Both leaders also welcomed the ongoing cooperation between the Israel Space Agency (ISA) and the Indian Space Research Organisation (ISRO). They expressed satisfaction over the signing of three MoUs and Plan of Cooperation in the areas of Cooperation in Atomic Clocks; GEO-LEO Optical Link; Academic collaboration and Electric propulsion for small satellites which would further enhance cooperation between the two countries. They also encouraged the two Space Agencies to further enhance the growing relationship for mutual benefit. The two leaders acknowledged that the recent launching by ISRO of an Israeli nano satellite is an important milestone in this arena.

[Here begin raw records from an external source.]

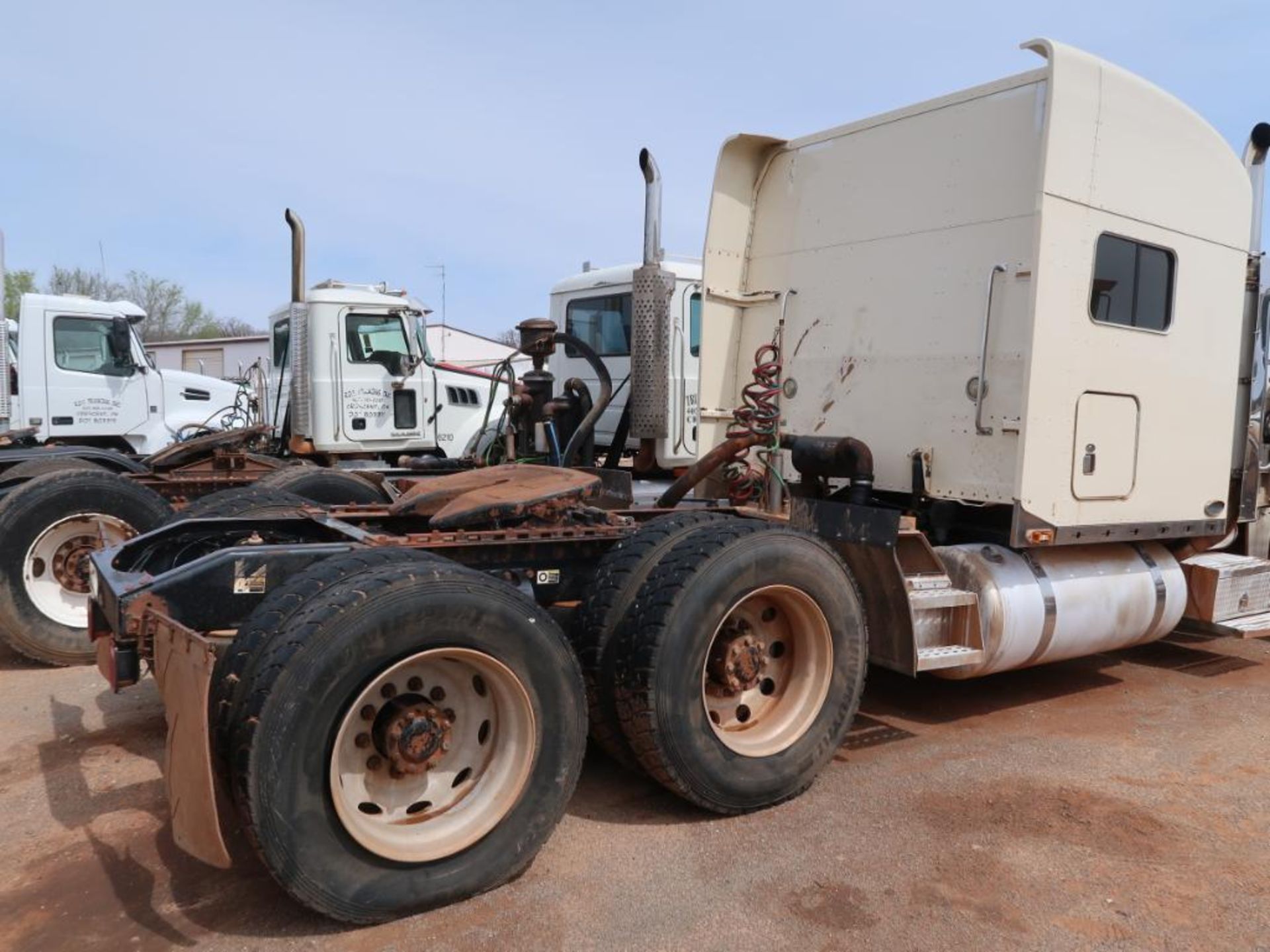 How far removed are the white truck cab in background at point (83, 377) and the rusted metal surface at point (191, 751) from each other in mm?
7579

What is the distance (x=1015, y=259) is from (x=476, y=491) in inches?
110

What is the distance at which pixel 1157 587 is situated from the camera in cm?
541

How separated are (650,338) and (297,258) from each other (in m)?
4.69

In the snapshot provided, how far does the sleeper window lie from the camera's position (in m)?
4.75

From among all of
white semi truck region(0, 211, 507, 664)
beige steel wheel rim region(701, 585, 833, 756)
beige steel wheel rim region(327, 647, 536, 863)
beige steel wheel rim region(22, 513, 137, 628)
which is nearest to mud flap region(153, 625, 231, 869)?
beige steel wheel rim region(327, 647, 536, 863)

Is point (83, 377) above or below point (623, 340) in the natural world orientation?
below

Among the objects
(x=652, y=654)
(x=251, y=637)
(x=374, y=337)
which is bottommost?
(x=652, y=654)

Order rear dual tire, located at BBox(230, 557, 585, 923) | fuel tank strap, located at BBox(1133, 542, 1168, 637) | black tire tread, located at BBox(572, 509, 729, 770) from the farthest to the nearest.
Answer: fuel tank strap, located at BBox(1133, 542, 1168, 637) → black tire tread, located at BBox(572, 509, 729, 770) → rear dual tire, located at BBox(230, 557, 585, 923)

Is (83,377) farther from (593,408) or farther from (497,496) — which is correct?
(497,496)

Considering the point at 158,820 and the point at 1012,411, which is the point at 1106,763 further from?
the point at 158,820

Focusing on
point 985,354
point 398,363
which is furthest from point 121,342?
point 985,354

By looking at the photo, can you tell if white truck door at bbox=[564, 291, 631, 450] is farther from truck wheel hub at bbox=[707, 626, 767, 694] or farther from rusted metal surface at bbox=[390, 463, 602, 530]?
truck wheel hub at bbox=[707, 626, 767, 694]

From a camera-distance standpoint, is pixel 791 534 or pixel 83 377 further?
pixel 83 377

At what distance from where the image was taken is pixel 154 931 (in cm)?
288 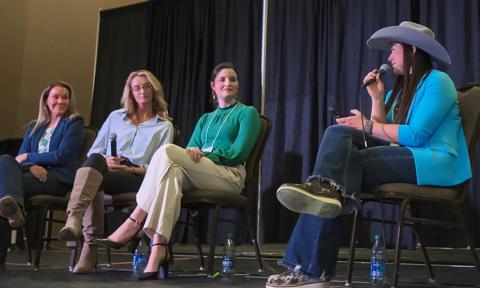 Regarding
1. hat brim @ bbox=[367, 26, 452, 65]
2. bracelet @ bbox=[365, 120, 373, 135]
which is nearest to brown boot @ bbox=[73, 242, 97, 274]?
bracelet @ bbox=[365, 120, 373, 135]

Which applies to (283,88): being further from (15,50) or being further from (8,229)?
(15,50)

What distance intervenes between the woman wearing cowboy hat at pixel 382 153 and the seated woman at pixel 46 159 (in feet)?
4.96

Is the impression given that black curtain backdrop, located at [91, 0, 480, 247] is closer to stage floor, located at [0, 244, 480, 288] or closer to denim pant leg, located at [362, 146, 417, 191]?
stage floor, located at [0, 244, 480, 288]

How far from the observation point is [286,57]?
15.4 feet

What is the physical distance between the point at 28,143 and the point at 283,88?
2.18m

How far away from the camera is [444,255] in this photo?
10.9 feet

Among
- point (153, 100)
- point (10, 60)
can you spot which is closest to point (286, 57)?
point (153, 100)

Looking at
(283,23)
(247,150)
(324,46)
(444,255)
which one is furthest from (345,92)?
(247,150)

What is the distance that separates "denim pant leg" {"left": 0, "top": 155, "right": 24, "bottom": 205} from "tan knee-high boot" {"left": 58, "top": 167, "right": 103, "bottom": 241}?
14.8 inches

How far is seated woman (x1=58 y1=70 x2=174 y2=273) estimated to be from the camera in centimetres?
251

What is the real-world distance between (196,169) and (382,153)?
2.90ft

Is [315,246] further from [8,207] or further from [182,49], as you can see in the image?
[182,49]

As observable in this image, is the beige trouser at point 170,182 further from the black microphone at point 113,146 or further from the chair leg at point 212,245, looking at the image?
the black microphone at point 113,146

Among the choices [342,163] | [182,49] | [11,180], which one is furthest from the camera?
[182,49] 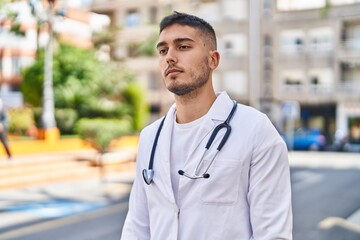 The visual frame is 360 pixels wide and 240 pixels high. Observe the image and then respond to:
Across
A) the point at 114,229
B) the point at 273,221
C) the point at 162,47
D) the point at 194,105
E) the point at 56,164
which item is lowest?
the point at 56,164

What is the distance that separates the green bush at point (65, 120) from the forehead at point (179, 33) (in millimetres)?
17588

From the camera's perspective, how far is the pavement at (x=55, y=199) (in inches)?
315

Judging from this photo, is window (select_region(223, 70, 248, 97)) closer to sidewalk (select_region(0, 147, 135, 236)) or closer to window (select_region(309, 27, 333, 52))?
window (select_region(309, 27, 333, 52))

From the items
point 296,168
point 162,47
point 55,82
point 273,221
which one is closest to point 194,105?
point 162,47

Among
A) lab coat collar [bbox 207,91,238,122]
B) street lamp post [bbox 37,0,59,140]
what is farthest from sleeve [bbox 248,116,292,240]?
street lamp post [bbox 37,0,59,140]

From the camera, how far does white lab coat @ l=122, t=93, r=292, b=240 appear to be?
153 cm

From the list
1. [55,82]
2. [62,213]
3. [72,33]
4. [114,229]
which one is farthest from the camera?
[72,33]

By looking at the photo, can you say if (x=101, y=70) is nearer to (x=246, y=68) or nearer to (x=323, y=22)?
(x=246, y=68)

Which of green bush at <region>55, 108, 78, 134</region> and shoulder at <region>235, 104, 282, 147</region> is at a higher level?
shoulder at <region>235, 104, 282, 147</region>

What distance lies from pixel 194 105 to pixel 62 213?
7.17 m

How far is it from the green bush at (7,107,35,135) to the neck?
1753 cm

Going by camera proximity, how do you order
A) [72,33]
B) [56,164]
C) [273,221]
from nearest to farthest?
[273,221] → [56,164] → [72,33]

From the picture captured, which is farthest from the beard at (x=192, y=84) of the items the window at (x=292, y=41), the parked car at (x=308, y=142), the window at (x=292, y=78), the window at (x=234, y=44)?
the window at (x=234, y=44)

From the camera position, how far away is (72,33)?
1240 inches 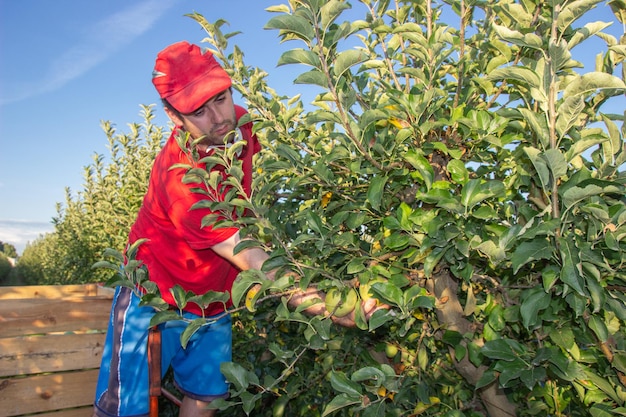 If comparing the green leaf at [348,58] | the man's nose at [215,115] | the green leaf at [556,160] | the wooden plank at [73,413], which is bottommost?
the wooden plank at [73,413]

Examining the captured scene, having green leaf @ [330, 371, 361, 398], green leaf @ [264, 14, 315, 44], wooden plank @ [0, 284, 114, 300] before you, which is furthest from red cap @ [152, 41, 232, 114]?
wooden plank @ [0, 284, 114, 300]

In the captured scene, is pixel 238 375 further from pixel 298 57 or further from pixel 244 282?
pixel 298 57

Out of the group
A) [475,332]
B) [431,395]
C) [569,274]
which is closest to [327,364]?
[431,395]

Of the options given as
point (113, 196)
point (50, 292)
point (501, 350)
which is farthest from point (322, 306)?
point (113, 196)

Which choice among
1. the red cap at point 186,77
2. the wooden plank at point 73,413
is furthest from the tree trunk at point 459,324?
the wooden plank at point 73,413

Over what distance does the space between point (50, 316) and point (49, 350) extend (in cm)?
23

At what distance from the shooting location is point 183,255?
95.8 inches

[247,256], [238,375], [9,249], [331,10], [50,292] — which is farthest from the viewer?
[9,249]

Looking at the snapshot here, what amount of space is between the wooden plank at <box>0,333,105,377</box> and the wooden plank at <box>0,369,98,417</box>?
0.06m

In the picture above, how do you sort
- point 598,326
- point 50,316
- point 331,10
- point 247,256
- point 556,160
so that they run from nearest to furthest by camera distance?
point 556,160, point 331,10, point 598,326, point 247,256, point 50,316

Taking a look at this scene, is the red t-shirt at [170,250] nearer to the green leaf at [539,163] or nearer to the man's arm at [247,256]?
the man's arm at [247,256]

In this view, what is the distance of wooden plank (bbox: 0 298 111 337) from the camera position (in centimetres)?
367

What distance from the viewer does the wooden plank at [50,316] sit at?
367 cm

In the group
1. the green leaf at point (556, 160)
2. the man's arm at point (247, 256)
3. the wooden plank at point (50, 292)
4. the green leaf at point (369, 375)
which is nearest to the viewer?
the green leaf at point (556, 160) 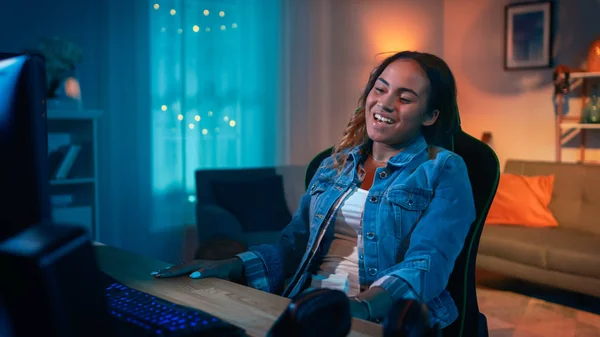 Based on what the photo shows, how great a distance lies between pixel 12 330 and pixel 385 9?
4.78 metres

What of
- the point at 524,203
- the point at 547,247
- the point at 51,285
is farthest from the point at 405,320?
the point at 524,203

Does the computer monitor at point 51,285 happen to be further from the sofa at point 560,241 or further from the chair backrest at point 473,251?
the sofa at point 560,241

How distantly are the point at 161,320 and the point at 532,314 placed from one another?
274 cm

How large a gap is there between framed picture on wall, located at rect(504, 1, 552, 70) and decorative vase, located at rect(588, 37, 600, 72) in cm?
37

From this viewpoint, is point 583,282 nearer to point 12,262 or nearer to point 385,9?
point 385,9

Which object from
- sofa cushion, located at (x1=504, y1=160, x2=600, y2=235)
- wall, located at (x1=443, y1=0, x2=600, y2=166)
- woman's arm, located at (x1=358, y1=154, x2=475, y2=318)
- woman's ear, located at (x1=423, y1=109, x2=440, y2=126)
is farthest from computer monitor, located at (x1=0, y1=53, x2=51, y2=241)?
wall, located at (x1=443, y1=0, x2=600, y2=166)

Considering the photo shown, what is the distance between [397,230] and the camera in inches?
52.4

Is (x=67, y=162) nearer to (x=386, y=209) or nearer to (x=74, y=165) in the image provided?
(x=74, y=165)

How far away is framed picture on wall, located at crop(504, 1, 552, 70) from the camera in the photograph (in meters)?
4.29

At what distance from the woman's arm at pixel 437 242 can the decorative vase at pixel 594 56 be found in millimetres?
3069

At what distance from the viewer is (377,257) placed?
1337 mm

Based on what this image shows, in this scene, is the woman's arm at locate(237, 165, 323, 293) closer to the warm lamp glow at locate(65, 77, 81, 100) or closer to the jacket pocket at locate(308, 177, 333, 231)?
the jacket pocket at locate(308, 177, 333, 231)

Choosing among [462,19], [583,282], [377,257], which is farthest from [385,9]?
[377,257]

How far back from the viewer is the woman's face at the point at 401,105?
1433 millimetres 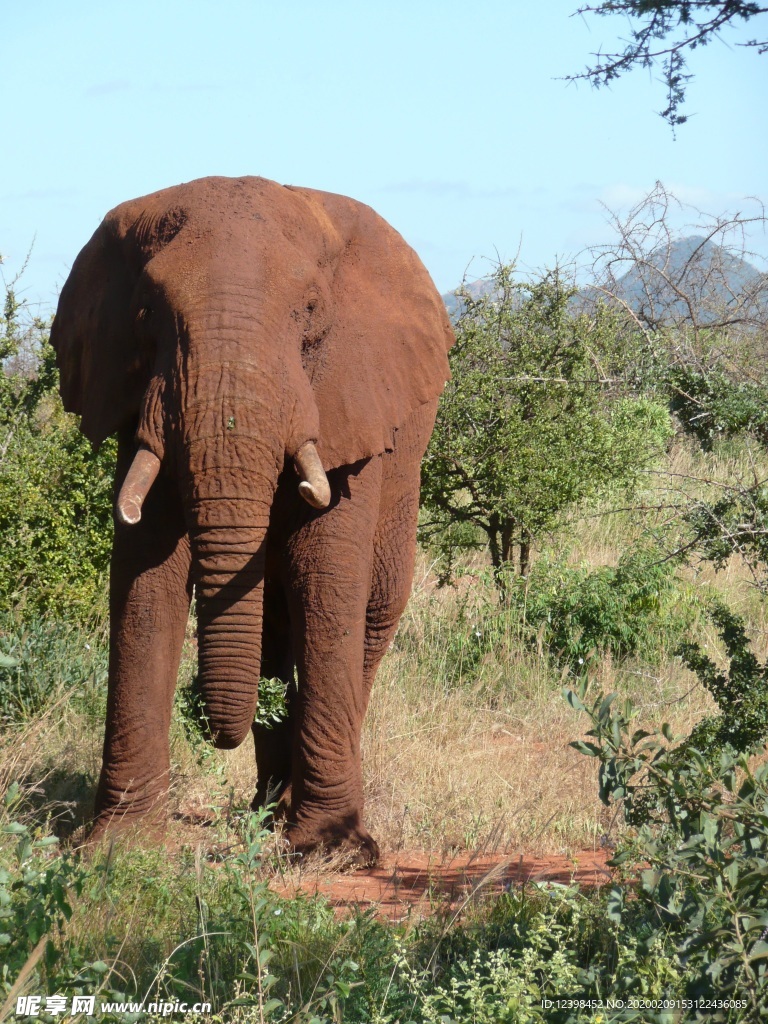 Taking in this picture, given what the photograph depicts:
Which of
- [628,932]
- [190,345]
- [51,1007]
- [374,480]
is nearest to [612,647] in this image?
[374,480]

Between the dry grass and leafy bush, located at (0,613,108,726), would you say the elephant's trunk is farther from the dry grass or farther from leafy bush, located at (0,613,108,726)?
leafy bush, located at (0,613,108,726)

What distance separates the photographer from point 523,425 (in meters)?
9.48

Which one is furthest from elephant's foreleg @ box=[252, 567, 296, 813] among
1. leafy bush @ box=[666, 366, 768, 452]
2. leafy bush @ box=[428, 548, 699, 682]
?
leafy bush @ box=[428, 548, 699, 682]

India and Israel are committed to promote security and stability in cyberspace on both the governmental and private levels. The Prime Ministers emphasized the importance of enhanced dialogue between their national cyber authorities and expressed their commitment to expand and accelerate their cooperation in this sphere including laying a mutual roadmap for its implementation. Both sides also recognise the value of enhancing and further institutionalising their broad-based cooperation on cyber issues through a Framework for cooperation in the area of cyber security.
India and Israel also elevated their ties to the strategic partnership level, vowing to do “much more together” to combat growing radicalisation and terrorism while pitching for strong action against those financing and providing sanctuaries to terror groups. The issue of terror and “strategic threats” along with various other topics like cooperation in defence and security, water, agriculture, space and West Asia figured prominently in the talks between Prime Minister Narendra Modi and his Israeli counterpart Benjamin Netanyahu. After the wide-ranging talks, the two sides signed seven pacts covering areas like innovation, water conservation, agriculture and space.
Prime Minister Modi has assured faster facilitation of OCI cards for Jewish Citizens of Indian origin in Israel. He also assured that the OCI card will be given even to those people of Indian origin who had served in the Israeli government’s compulsory army service. The launch of a new Air India flight connecting India and Israel was also announced, the flight is expected to connect Delhi/Mumbai to Tel Aviv.
Further, both India and Israel are keen to enhance people-to-people contact by pushing tourism, showcasing culture, promoting scholarships and creating connectivity. India has agreed to set up a cultural centre in Israel. This part of the relationship will be work in progress over a period of time.
Israel and India are compatible in so many ways. Both democracies are ancient civilizations that have endured a great deal and today stand in the world on their own terms, in full possession of the wisdom of their experiences.
This understanding of the dynamics of globalization have brought the two countries closer together more than any other consideration. Just as Israel has kept itself intimately connected with its diaspora, Narendra Modi has reached out to India’s thirty million-strong ex-pat community to enhance his country’s engagement with the world. While being deeply rooted in their own traditions, both Indians and Israelis are extremely international in their outlook and sensibility.
Therefore all the agreements signed during the visit will redefine the strategic partnership between two nations with shared goals and values.
Modi is committed to India responsibly taking its rightful place in an increasingly integrated world, and in Israel he sees a partner that is uniquely equipped to make that happen. PM Modi is focused on bilateral trade, top end agricultural technologies and regional security in context of Islamic State and other non-state players. He is looking for the long term benefits for India.